**EXERCISE DETAILS:**
Down to the final line, write out the material beneath exactly, without pictures.

**GIVEN DATA:**
★ ★ ★ ★ ★

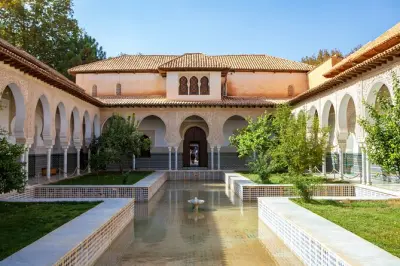 Tour privado em Tlemcen com guia local: Sidi Boumédiène e Mansourah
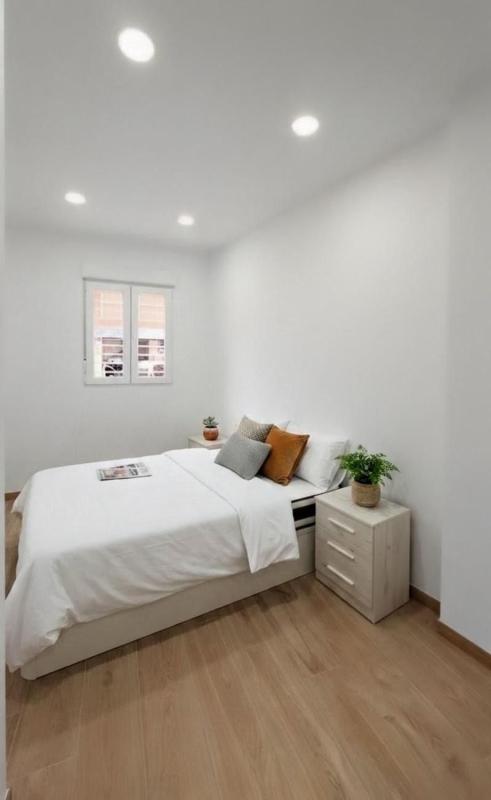Venta de piso en Piso en Reina Victoria-Miguel Hernández, Elche / Elx, Elche / Elx
photo 3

★ ★ ★ ★ ★

**WRITTEN ANSWER:**
 Tour privado em Tlemcen com guia local: Sidi Boumédiène e Mansourah
Venta de piso en Piso en Reina Victoria-Miguel Hernández, Elche / Elx, Elche / Elx
photo 3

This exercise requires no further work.